Until two years ago Madura could be reached from the Java mainland only by ferry boat. Today, a new and much-celebrated suspension bridge, the Suramadu Bridge, connects Madura to Java, and that freer island access may or may not eventually affect the way of life on Madura. Until then, subsistence farming and animal husbanding is still what people do - transporting six cows means stuffing them into the flatbed of a half-sized Daihatsu pick-up truck - and you can see men and boys walking leashed goats through the island's small towns like more-stubborn dogs.
Other domesticated animals are well and fully represented too - stringy chickens scratching roadside, tufted rabbits hutched and not, cats underfoot and on rooftops, and of course the bulls.
Madurans are so strongly strongly identified with their racing bulls that a Javanese friend of mine, a high school English teacher with a civil servant job that's protected for life, told me in all seriousness that the blood of Madurese people tastes like cow. (Javanese blood, she explained, tastes like goat. No, it's true.)

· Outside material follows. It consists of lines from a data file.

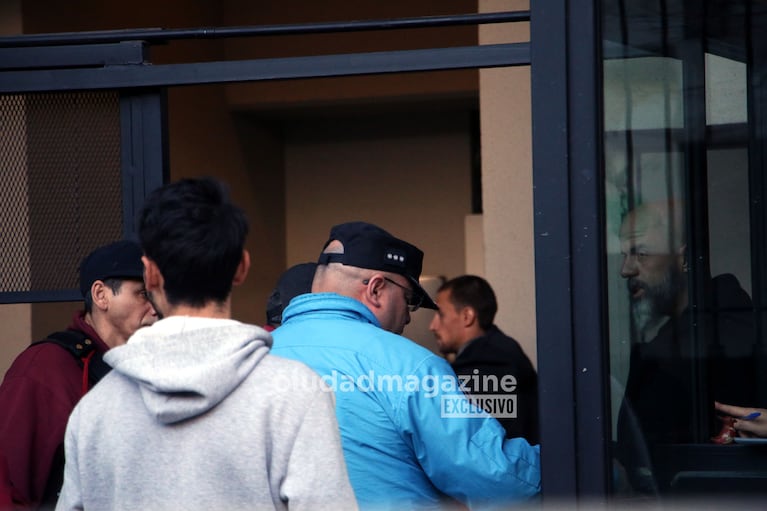 Así llegaba la policía a la casa de Wanda Nara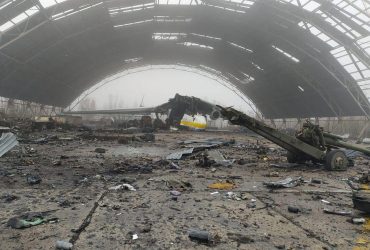 Пилот Мрии побывал в Гостомеле и рассказал, можно ли восстановить легендарный самолет (видео)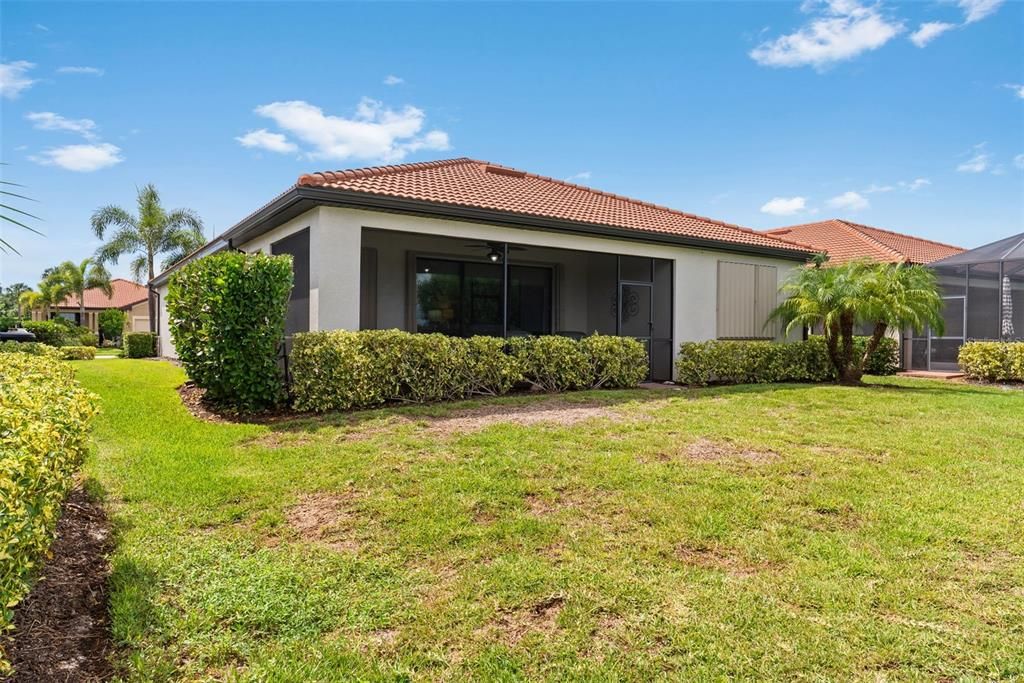 Active With Contract: $589,000 (3 beds, 3 baths, 2214 Square Feet)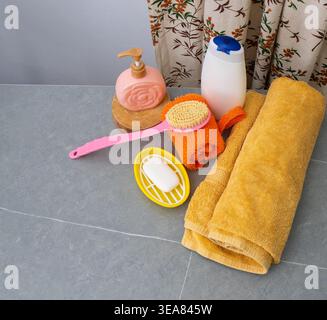 Assortimento di saponi e flaconi dispenser. Set ecologico naturale di gel doccia e lozioni, un panno e un asciugamano. Bagno con vista sul tavolo. Foto Stock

Whatever their taste, the people of Madura are among the poorest in this part of Indonesia and they are also considered among the proudest, the most stubborn, the most aggressive, and maybe even the most hot-headed. Madura: Mas Macho, like parts of Cowboy Texas, without the Coors. Bull wranglers. Throwers-of-hands and wielders of knives, maybe, if it came to that. Prideful religious men. Who like tight pussy. This is the other thing everyone talks about while not actually talking about it when they talk about Madura: Vaginal contraction.